From then on, her public appearances would be limited. In December 1988, Raisa Gorbachev, who was in Manhattan to attend an event at the United Nations, headed up to the thirty-seventh floor of the General Motors Building, where she sampled Beautiful and a few other perfumes. After their forty-five-minute meeting, Lauder, apparently frustrated because she did not get to dab her visitor, told the New York Times: “I want her to come back and talk about skin.” Two years later, when Leonard Lauder introduced Origins, a frail Lauder would head down to its retail outlet in S
oho with William, then the vice president of this line of natural skin-care products. “She loved standing behind the counter,” her grandson stated, “and waiting on customers.” By 1993, when she went to Florida for the last time, Alzheimer’s was starting to set in. “Both her mother and her sister, Renée, suffered from the disease. Her sister’s came quite early when I was still in my teens,” added William. Lauder would die, attended by nurses, in her Manhattan town house in 2004. She was ninety-five.

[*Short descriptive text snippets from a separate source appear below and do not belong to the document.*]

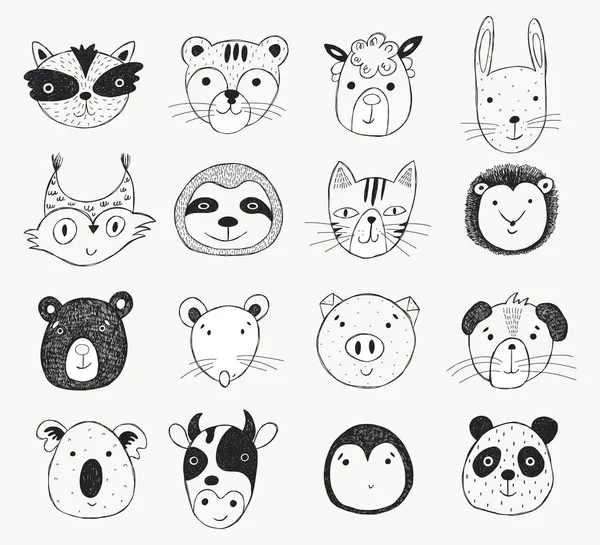 Funny animals face illustration isolated on white background. — Stock Vector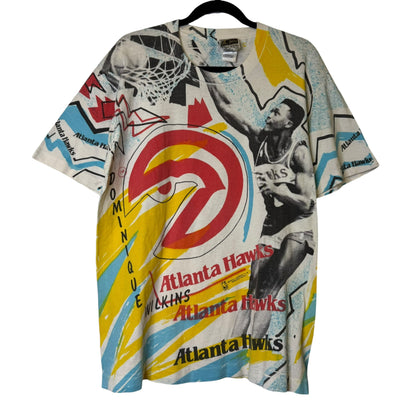 90's Dominique Wilkins Atlanta Hawks NBA Magic Johnson Tees T-Shirt Sz L (B1687)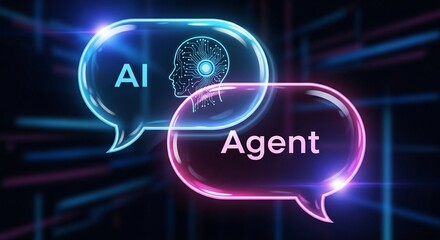 Intelligent AI agent concept communication with futuristic technology and digital brain illustration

By the end of this Queen of Beauty’s long reign, her family knew exactly how to defuse the rough edges of her obsessionality. In 1989, as the company was reshuffling its offices in the GM Building as part of an expansion—Lauder’s office was moved up from the thirty-seventh floor to the fortieth—Leonard was nervous about showing his mother the renovation. Relaying the story to me, a smiling William Lauder explained: “My father told one of his assistants, ‘Break something. Something that isn’t important.’ The next day, as my eighty-year-old grandmother was entering her new quarters, she stopped and snapped, ‘The door handle isn’t working. They didn’t do it right. That needs to be fixed right away.’ She then let out a big sigh of relief and was quiet for the rest of the day. Order was restored.”